In the following, we are going to use the main object provided by nfstream, NFStreamer which have the following parameters:

  • source [default=None]: Packet capture source. Pcap file path or network interface name.
  • decode_tunnels [default=True]: Enable/Disable GTP/TZSP tunnels decoding.
  • bpf_filter [default=None]: Specify a BPF filter filter for filtering selected traffic.
  • promiscuous_mode [default=True]: Enable/Disable promiscuous capture mode.
  • snapshot_length [default=1500]: Control packet slicing size (truncation) in bytes.
  • idle_timeout [default=15]: Flows that are idle (no packets received) for more than this value in seconds are expired.
  • active_timeout [default=1800]: Flows that are active for more than this value in seconds are expired.
  • accounting_mode [default=0] : Specify the accounting mode that will be used to report bytes related features (0: Link layer, 1: IP layer, 2: Transport layer, 3: Payload).
  • udps [default=None]: Specify user defined NFPlugins used to extend NFStreamer.
  • n_dissections | [default=20]: Number of per flow packets to dissect for L7 visibility feature. When set to 0, L7 visibility feature is disabled.
  • statistical_analysis [default=False]: Enable/Disable post-mortem flow statistical analysis.
  • splt_analysis [default=0]: Specify the sequence of first packets length for early statistical analysis. When set to 0, splt_analysis is disabled.
  • n_meters [default=0]: Specify the number of parallel metering processes. When set to 0, NFStreamer will automatically scale metering according to available physical cores on the running host.
  • performance_report [default=0]: Performance report interval in seconds. Disabled whhen set to 0. Ignored for offline capture.

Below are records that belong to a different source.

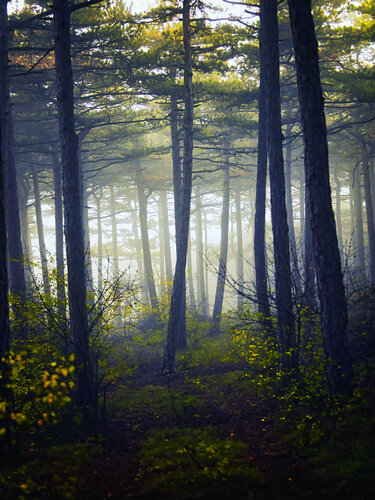 between trees de Igor Vitomirov, Fotografía a la venta en Singulart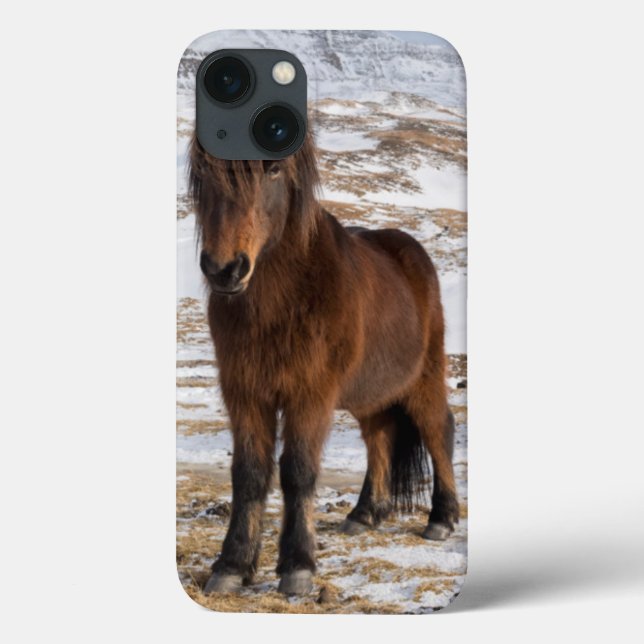 Icelandic Horses in Winter Case-Mate iPhone Case (Back)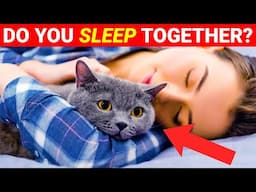 Sleep With Your Cat Every Night, This Will Happen | YOU MUST KNOW THIS!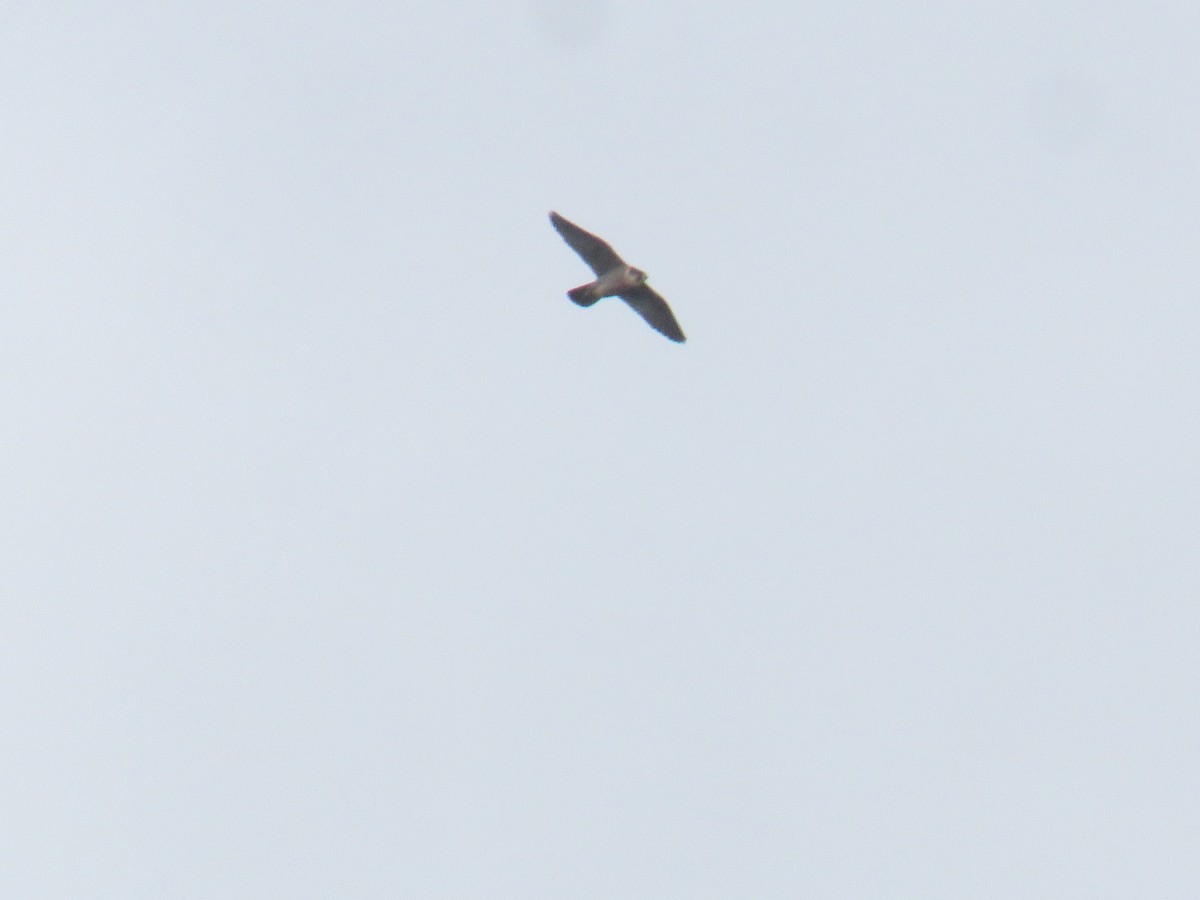 Peregrine Falcon - ML647185744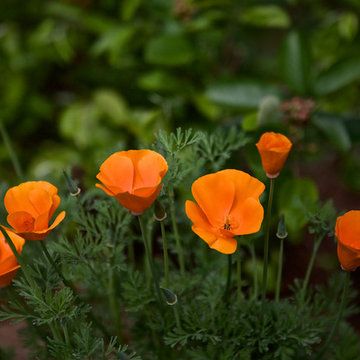 California Poppies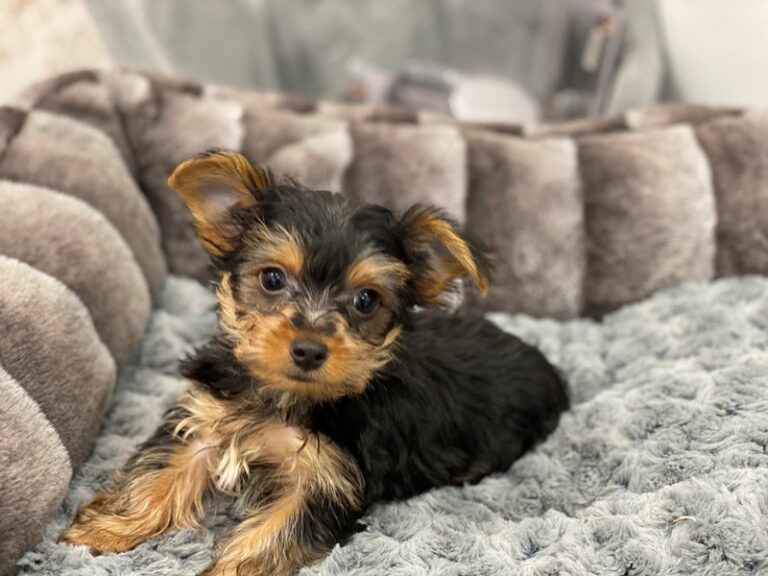 Chico - Yorkshire Terrier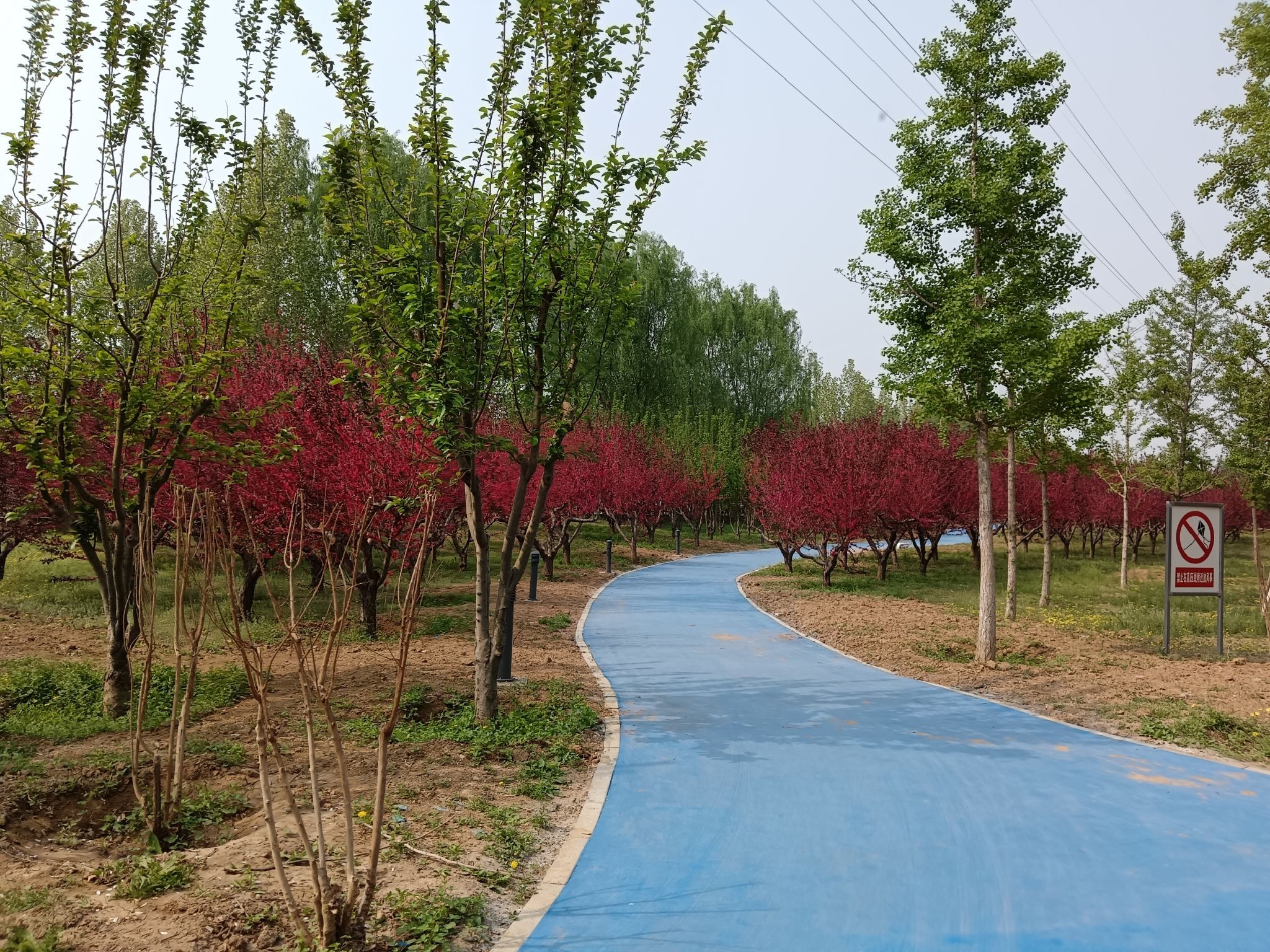 平谷湿地公园旅行图片 3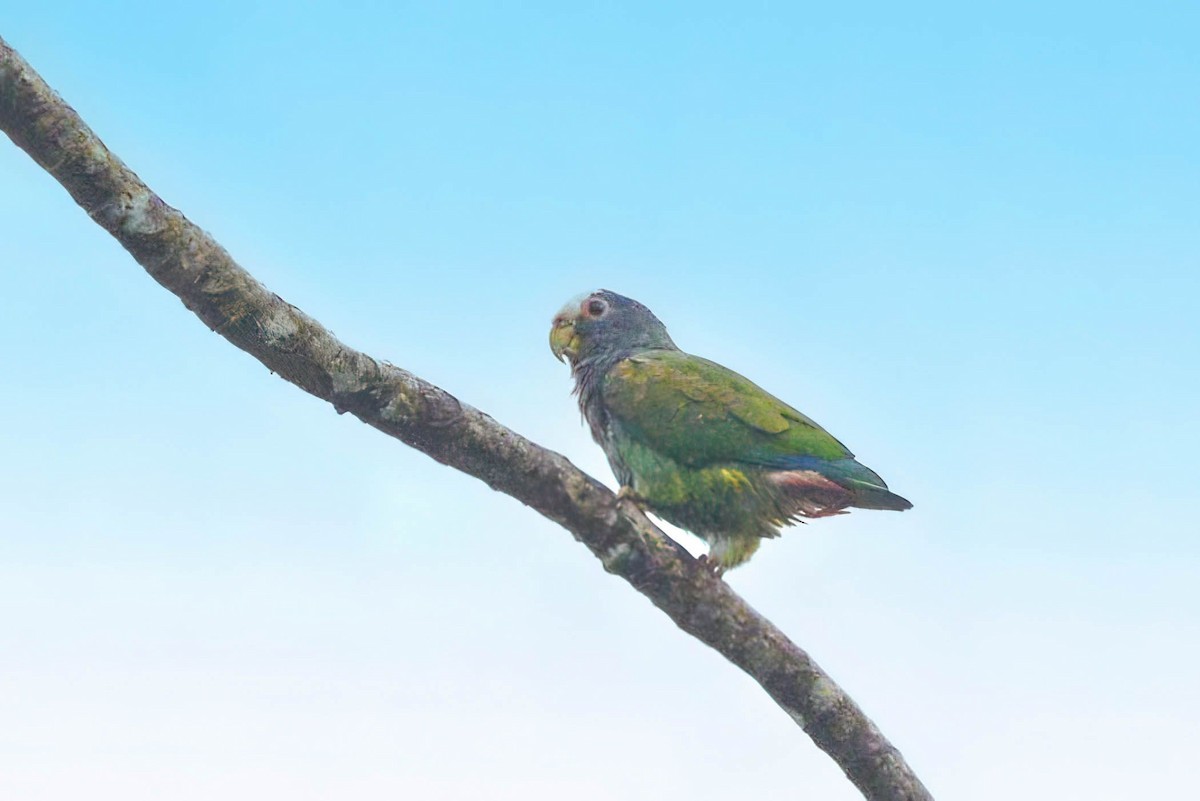 White-crowned Parrot - ML645918733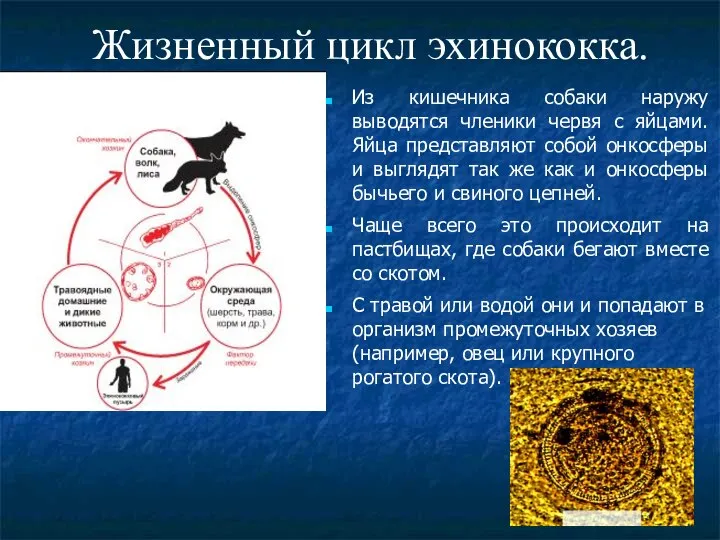 Жизненный цикл эхинококка. Из кишечника собаки наружу выводятся членики червя с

NFStreamer returns a flow iterator. We can iterate over flows or convert it directly to pandas Dataframe using to_pandas() method.

In [ ]:
df = NFStreamer(source="tests/pcap/instagram.pcap").to_pandas()
In [ ]:
df.head()

We can enable post-mortem statistical flow features extraction as follow:

In [ ]:
df = NFStreamer(source="tests/pcap/instagram.pcap", statistical_analysis=True).to_pandas()
In [ ]:
df.head()

We can enable early statistical flow features extraction as follow:

In [ ]:
df = NFStreamer(source="tests/pcap/instagram.pcap", splt_analysis=10).to_pandas()
In [ ]:
df.head()

We can enable IP anonymization as follow:

In [ ]:
df = NFStreamer(source="tests/pcap/instagram.pcap", 
                statistical_analysis=True).to_pandas(columns_to_anonymize=["src_ip", "src_mac", "dst_ip", "dst_mac"])
In [ ]:
df.head()

Now that we have our Dataframe, we can start analyzing our data as any data. For example we can compute additional features:

  • Compute data ratio on both direction (src2dst and dst2src)
In [ ]:
df["src2dst_bytes_data_ratio"] = df['src2dst_bytes'] / df['bidirectional_bytes']
df["dst2src_bytes_data_ratio"] = df['dst2src_bytes'] / df['bidirectional_bytes']
In [ ]:
df.head()
  • Filter data according to some criterias:
In [ ]:
df[df["dst_port"] == 443].head()

Extend nfstream

In some use cases, we need to add features that are computed as packet level. Thus, nfstream handles such scenario using NFPlugin.

  • Let's suppose that we want bidirectional packets with exact IP size equal to 40 counter per flow.
In [ ]:
class Packet40Count(NFPlugin):
    def on_init(self, pkt, flow): # flow creation with the first packet
        if pkt.ip_size == 40:
            flow.udps.packet_with_40_ip_size=1
        else:
            flow.udps.packet_with_40_ip_size=0
        
    def on_update(self, pkt, flow): # flow update with each packet belonging to the flow
        if pkt.ip_size == 40:
            flow.udps.packet_with_40_ip_size += 1
In [ ]:
df = NFStreamer(source="tests/pcap/google_ssl.pcap", udps=[Packet40Count()]).to_pandas()
In [ ]:
df.head()

Our Dataframe have a new column named udps.packet_with_40_ip_size.